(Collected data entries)
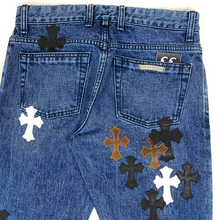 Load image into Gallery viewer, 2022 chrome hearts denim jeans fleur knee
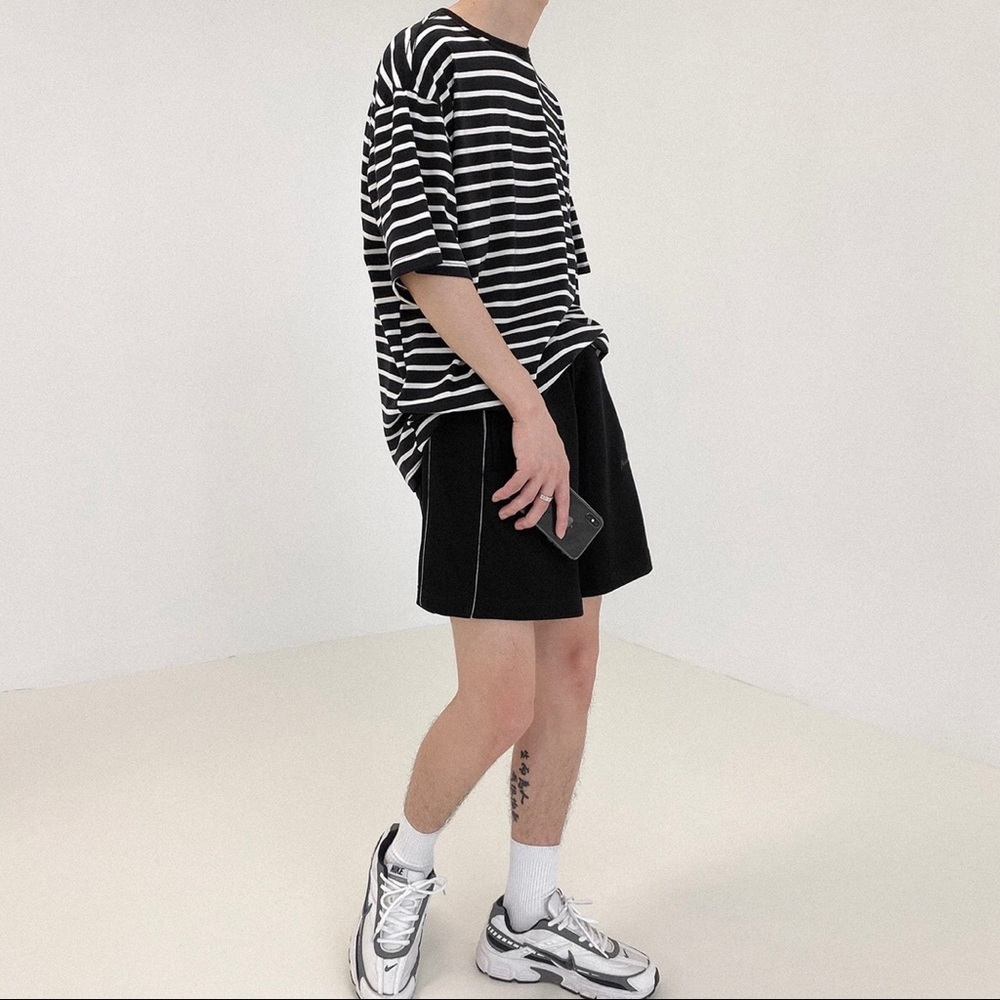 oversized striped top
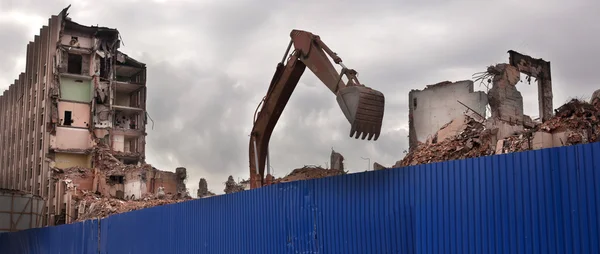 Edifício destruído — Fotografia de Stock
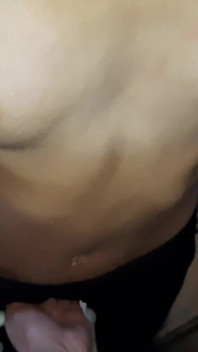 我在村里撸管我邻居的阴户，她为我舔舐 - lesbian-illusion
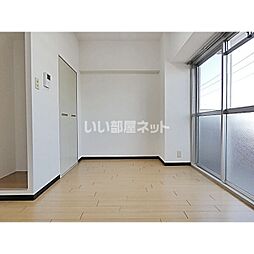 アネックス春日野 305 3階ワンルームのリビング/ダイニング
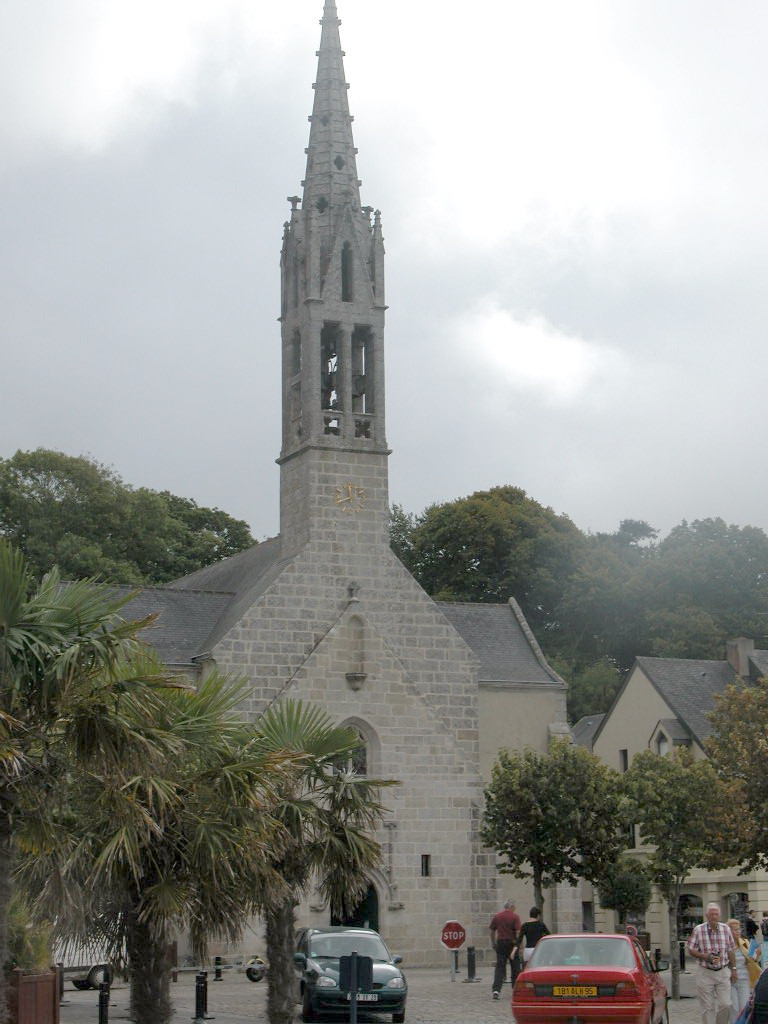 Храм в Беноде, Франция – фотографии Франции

WHAT YOU WILL DO ▸ Beginning with the line that contains "oversized striped top" and ending with the last line of the data, transcribe each line exactly; pictures stay out.

RESPONSE TO THE TASK ▸
 oversized striped top
 Edifício destruído — Fotografia de Stock
 我在村里撸管我邻居的阴户，她为我舔舐 - lesbian-illusion
 アネックス春日野 305 3階ワンルームのリビング/ダイニング
 Храм в Беноде, Франция – фотографии Франции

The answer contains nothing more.